The convergence around Ethereum’s programming standards is driven by the network’s liquidity and established network effects. Because Ethereum started as a hub for liquidity, consumers and firms are now looking to bring other assets onto the ledger. This includes a diverse range of products from traditional stocks and bonds to fixed income and real estate.
This utility is a sharp contrast to high-risk ventures, such as the unauthorized unbacked stablecoin sales seen in recent market exploits.
Institutional confidence is also tied to the ability of smart contracts to automate settlement. By reducing reliance on slow, manual reconciliation, blockchains offer an efficiency that traditional systems lack. This is already visible in existing products like BlackRock’s BUIDL fund, which manages $2.9 billion in tokenized Treasuries, and Franklin Templeton’s BENJI platform, which handles $750 million in government funds.
The Ethereum Foundation shift and decentralized governance
Raman also addressed recent scrutiny of the Ethereum Foundation, particularly regarding leadership changes. He argued that the foundation’s willingness to step back from a central coordinator role is a strategic strength rather than a flaw. In his view, the substrate for the global financial system cannot be controlled by a single party. This decentralization ensures the network remains universal and open.

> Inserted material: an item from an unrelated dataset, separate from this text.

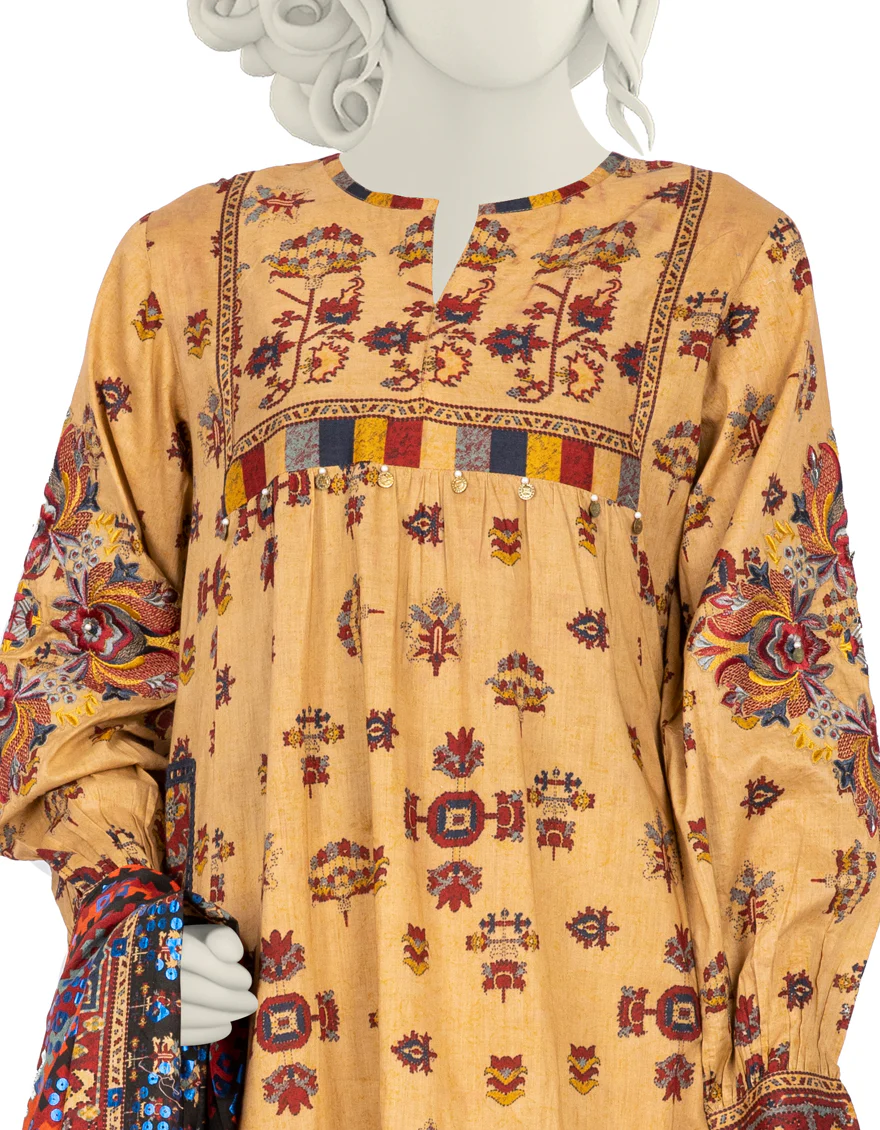 BEIGE LAWN 3PC STITCHED | JLAWN-S-US-22-231/S RAMEEN - Image 2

Instead of manual coordination, the foundation is shifting its focus toward protecting core values like censorship resistance, security, and privacy. Long-term technical priorities now include zero-knowledge technology and quantum resistance. This neutral status is critical for institutions that require stable, non-proprietary infrastructure for digital dollar settlement, especially as stablecoin risks embed in U.S. debt markets.
By late 2025, Ethereum was already processing over $5 trillion in quarterly transaction volume, demonstrating its capacity for high-value operations. Raman concludes that when history looks back at this period, it will be viewed as the “internet moment” for the global financial system.
The ultimate measure of success for the network will be its actual utility and the sustainable assets it hosts, rather than short-term price fluctuations.